To learn a foreign language, and to make consistent efforts to communicate with those who speak that language natively, cultivates godly maturity.
Two different sets of experiences—fictional and real—drive this point home for me.
George MacDonald in The Lost Princess brilliantly illustrates how respectable people have cankers on their souls that desperately need to be removed. These decent people include the Christian, liberal or conservative, who spouts platitudes about justice and compassion, but avoids helping his next-door neighbor. MacDonald’s fairytale tells the story of two girls, Agnes the shepherdess and Rosamond the princess, who find redemption by embarking on the difficult journey inward to discover lasting freedom from sin.
Agnes was a mild-mannered girl and the pride and joy of her parents, yet when she was placed in the Wise Woman’s magical sphere, she realized that she had a shadow self that was slowly destroying her through conceit. Anges’ doppelganger was a “little girl—heedless, ugly, miserable—staring at her own toes.” She had “such an odious, self-satisfied expression that Agnes felt ashamed of seeing her. Then the little girl began to pat her own cheeks, to stroke her own body, and to examine her finger-ends, nodding her head with satisfaction. Agnes felt that there could not be such another hateful, ape-like creature, and at the same time she was perfectly aware that she was only doing outside of her what she herself had been doing as long as she could remember, inside of her . . . . She [Agnes] was despicable in her own eyes and astonished that she had never before seen the truth concerning herself.”

We all, like Agnes, have a shadow in our souls that will make us into selfish little beasts, and for some of us rubbing shoulders with people different from us, especially those who don’t speak our native language, unveils our forgotten doppelganger. The vainglorious self that thinks its little world is the best. The spirit that demands the world always cater to its hunger. The spoiled child that begs to be praised, and believes that to be inconvenienced is a crime.
As Christians moving toward theosis, climbing the ladder of divine ascent, we know that all circumstances in our lives are meant to refine us like precious stones, including and especially the circumstances that inconvenience and irritate us. In this light, I suggest that to learn a foreign language, and to make consistent efforts to communicate with those who speak that language natively, cultivates godly maturity: humility, grace, and wonder which, like a well-cut diamond, are the facets of the greatest of all the virtues—love.
I learned something about my own shadow when, two years ago, I decided I needed an adventure.

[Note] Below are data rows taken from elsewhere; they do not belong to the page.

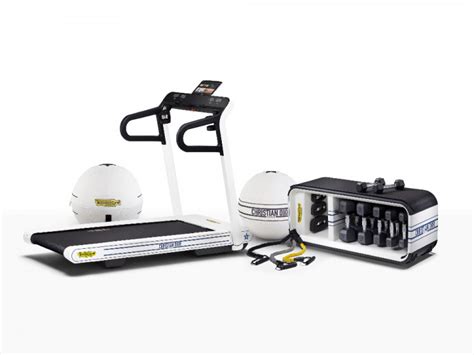 dior technogym prezzo|Dior's Collaboration with Technogym is Designed to Keep You Fit .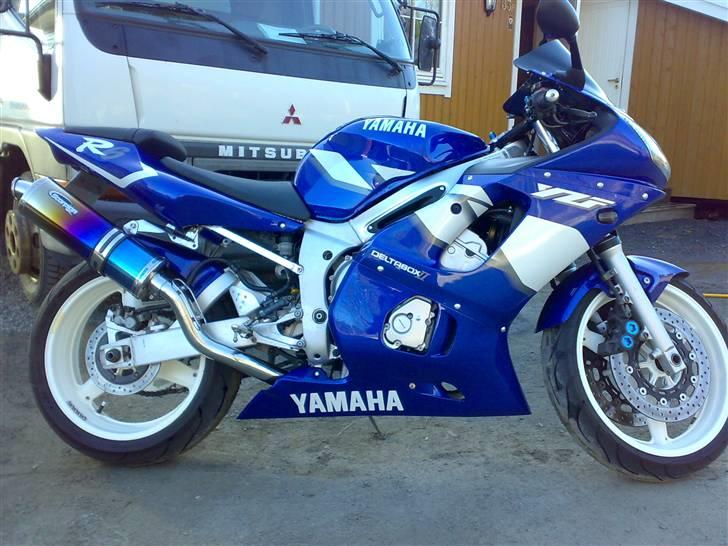 Yamaha YZF R6 [Solgt] billede 5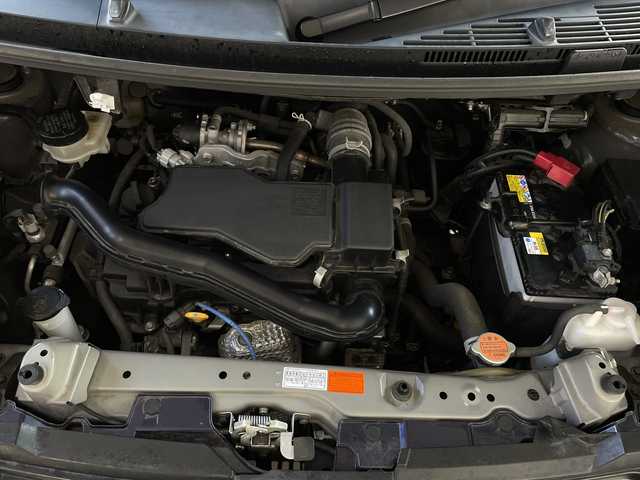 トヨタ ルーミー カスタムG 新潟県 2021(令3)年 2.5万km クールバイオレットクリスタルシャイン ４WD/スマートアシスト/両側パワースライドドア/レーダークルーズコントロール/HIDオートライト/純正14インチアルミホイール付/アイドリングストップ/電動格納ミラー/電動パーキングブレーキ/オートブレーキホールド/スペアキー/スマートキー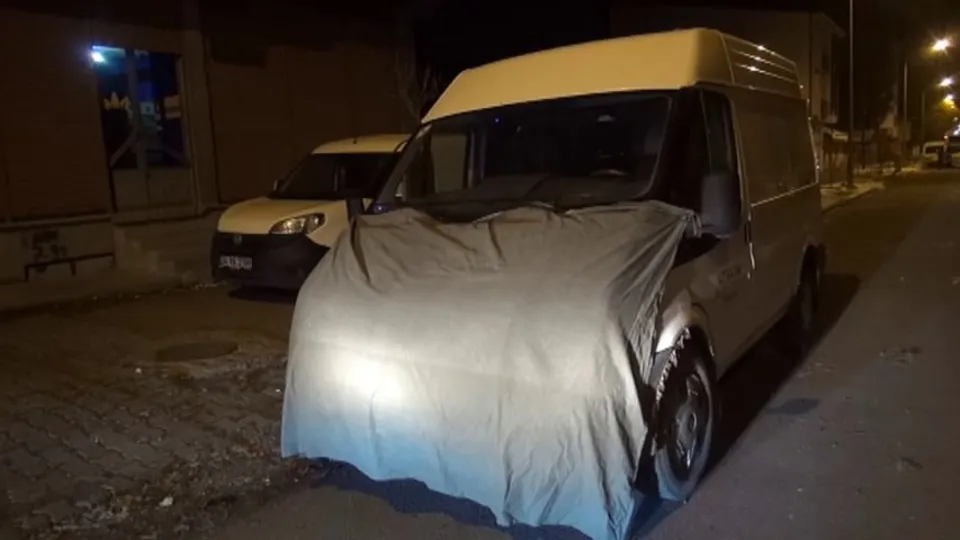 Araçları battaniyelere sardılar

Not a vacation or simply another job near my family’s country home, but a radical break from my routine, a path that led to the unknown. Why I needed this is hard to say other than that I had a deep curiosity about speaking another language and befriending its speakers. So, I moved to Murcia, Spain, alone to teach English in a rural public school where the bleating of sheep could be heard from the classroom window.

My old apartment was right under the cathedral tower where I learned to live by the hourly ring of the church bells. Every week I’d walk across the stone plaza under the white face of the cathedral to catch my ride to work, the loving gaze of La Virgen María, bebe Jesús, and Los Santos resting upon me from their royal heights. However, despite the beauty of Spain and my pursuit of wonder through a foreign language and culture, learning to live alone in Murcia was far from easy.

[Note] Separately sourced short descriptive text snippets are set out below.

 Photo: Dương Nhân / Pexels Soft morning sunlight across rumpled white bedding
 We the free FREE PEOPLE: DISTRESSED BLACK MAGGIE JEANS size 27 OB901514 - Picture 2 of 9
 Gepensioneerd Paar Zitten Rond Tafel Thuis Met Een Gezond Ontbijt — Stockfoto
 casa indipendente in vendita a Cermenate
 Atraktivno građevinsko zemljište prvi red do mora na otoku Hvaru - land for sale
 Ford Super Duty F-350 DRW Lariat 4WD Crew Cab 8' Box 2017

I think some of us have a fantasy about living abroad in Europe. We see airbrushed couples on Instagram sipping pinot noir on the Danube overlooking an ivy clad castle, and we think that’s European life for the American—when nothing could be further from the truth. To become part of another culture is hard; to learn their language requires humility. If you are a perfectionist, you will not learn very well because you have to make mistakes to improve; there is no other way. I remember swallowing my pride every day to communicate in broken Spanish with my colleagues, roommates, and the clerk at the mercado.
To make friends you must be vulnerable. You can’t hide and pretend you’re not a foreigner struggling with their language, in need of friends who can help you at the bank or to the doctor. I felt like the Guatemalan migrant worker in Florida, worried about being judged for her lack of English, and the Burmese sushi server in small-town America afraid that he might not be able to find a friend. In short, I had to become like a little child again, eager to learn what the grownups speak, happy to accept help free of charge, patiently waiting, trusting in the good will of my Murcian neighbor.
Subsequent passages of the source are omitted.